Come sono oggi i rapporti tra cattolici e ortodossi in Ucraina?
«La nostra realtà è molto complessa, la nostra cristianità molto frammentata: solo noi cattolici siamo presenti con tre realtà "sui iuris". La conferenza episcopale dei latini, l'eparchia di Mukačeve direttamente dipendente dalla Santa Sede e la Chiesa greco cattolica. Cerchiamo di testimoniare l'unità innanzitutto tra di noi. Com'è noto, anche la Chiesa ortodossa è frammentata: oltre a quella "canonica" in comunione con il patriarcato di Mosca, ci sono altre due Chiese ortodosse. Facciamo il possibile per collaborare, esiste un Consiglio delle Chiese e delle comunità religiose ucraine, dove insieme a ebrei e musulmani i cristiani delle varie confessioni possono prendere delle posizioni comuni. Certo, in Ucraina le Chiese ortodosse spesso non capiscono perché noi greco-cattolici esistiamo, ci considerano un progetto geopolitico del passato. Ma ci sono anche dei segnali positivi, c'è un popolo di cristiani che è stanco delle divisioni e chiede unità, c'è un crescente ecumenismo dal basso».
È vero che talvolta tra Chiese cristiane non si riconosce reciprocamente nemmeno la validità del battesimo?

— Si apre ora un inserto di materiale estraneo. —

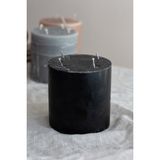 Sanat Sepet İşleri Büyük Boy Iskandinav Tarzı Dokulu Blok-Silindir Dekoratif Mum - 10 x 10 cm - Siyah
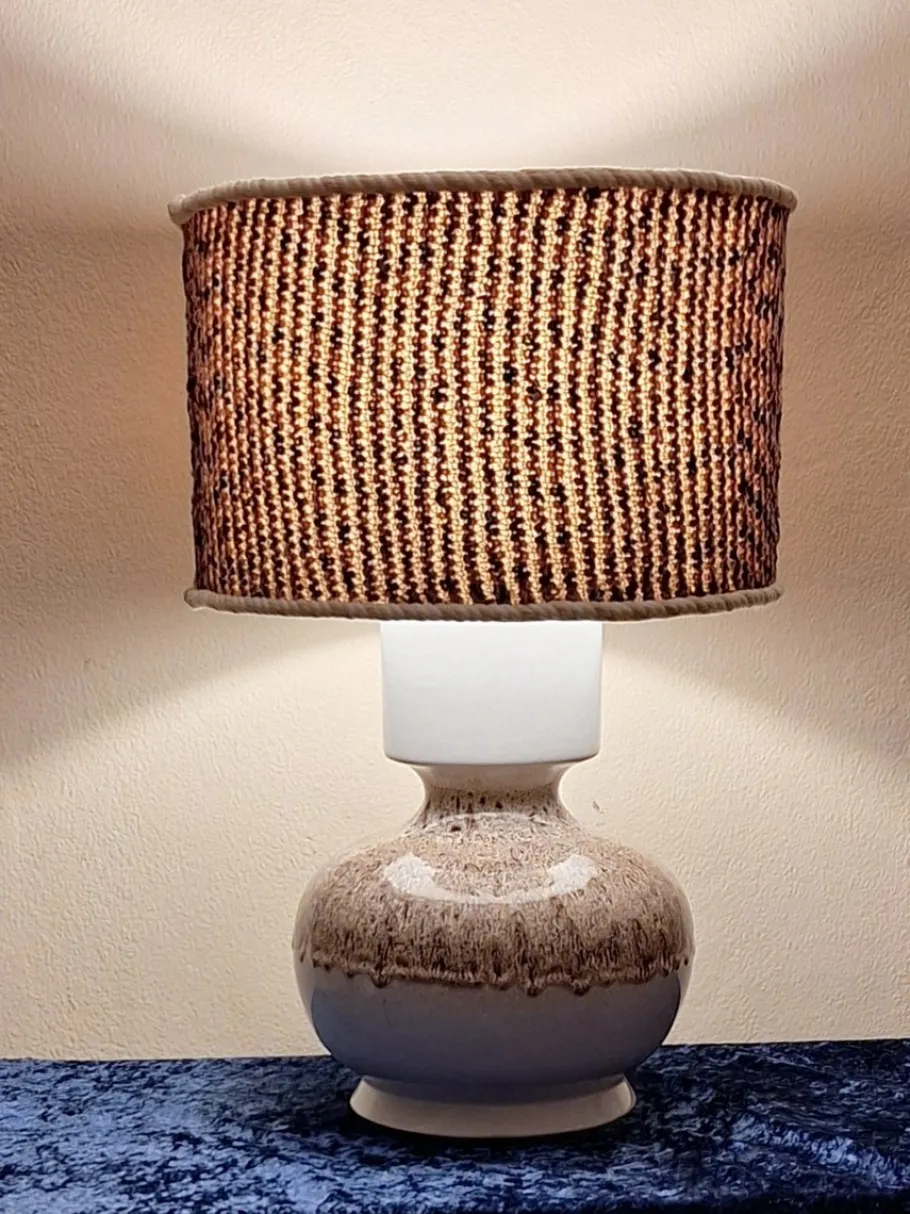 Clearance Pamono Vintage Beige-Brown Gradient Glazed Ceramic Table Lamp with Handmade Fabric Shade, 1970s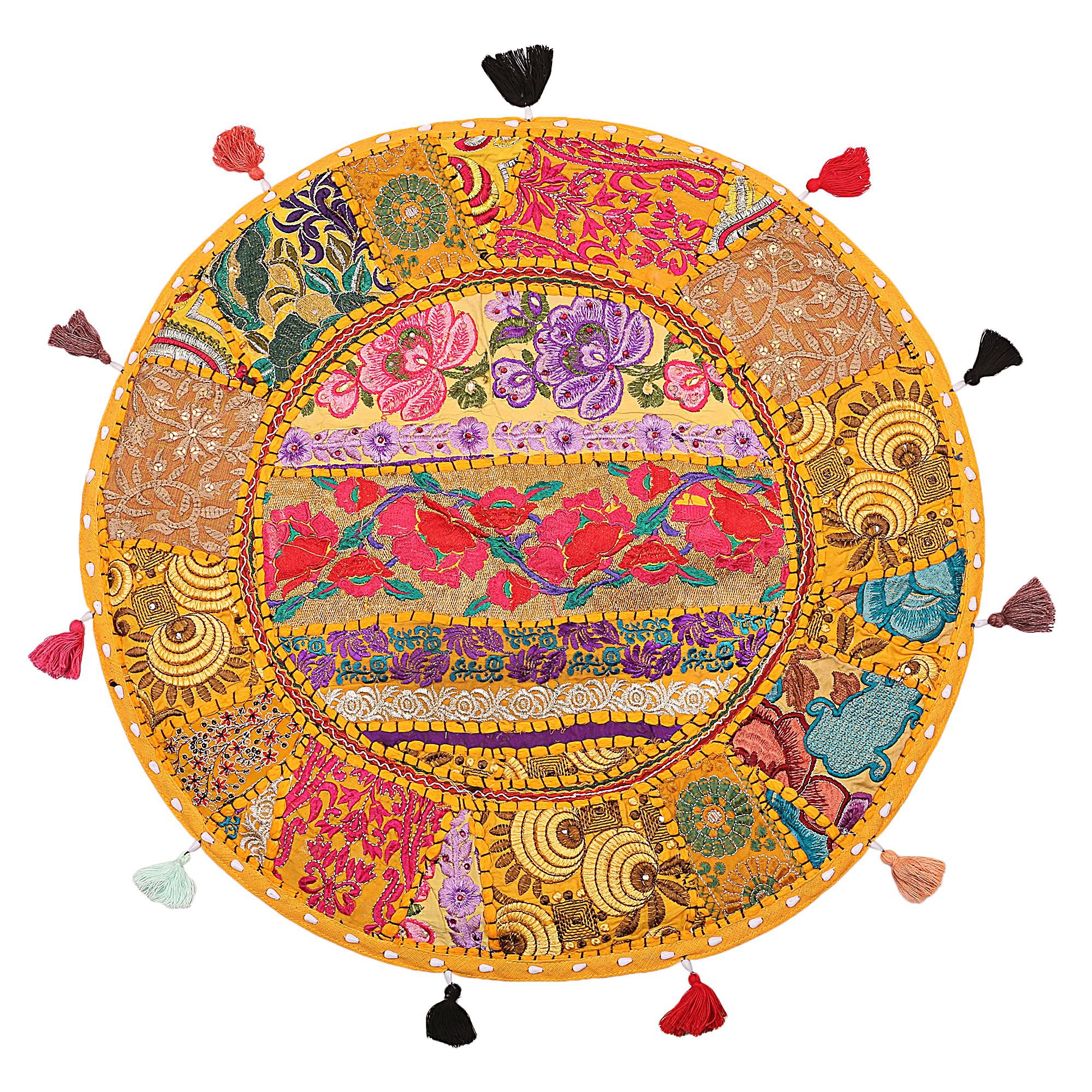 Stylo Culture Rajasthani Throw Cushion Cover Seating Vintage Embroidered Patchwork Ethnic Cotton Throw Floor Cushion Cover Yellow 22" Round Pillow Cover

«Io ho detto qualche tempo fa che noi in Ucraina abbiamo peccato contro l'ecumenismo lasciandolo soltanto in mano ai diplomatici, ai politici o alle discussioni dei teologi. Dobbiamo ora predicarlo nelle parrocchie, abituando i fedeli a non fare nulla che possa mettere in difficoltà l'altro fratello cristiano. Devono essere i preti e i confessori a predicarlo. Le Chiese cristiane in Ucraina, nell'ex Unione Sovietica, sono rimaste separate dal movimento ecumenico mondiale, quasi "congelate": per noi cattolici solo ora comincia la fase della ricezione del Concilio Vaticano II. Allo stesso modo gli ortodossi hanno bisogno di attuare nella prassi pastorale decisioni già stabilite da tempo, anche a riguardo del mutuo riconoscimento dei sacramenti. Ma, per tornare alla sua domanda, non è raro il caso di cattolici che per poter sposare un coniuge ortodosso vengono ribattezzati. Questo però non è reciproco e noi cattolici non lo facciamo di certo».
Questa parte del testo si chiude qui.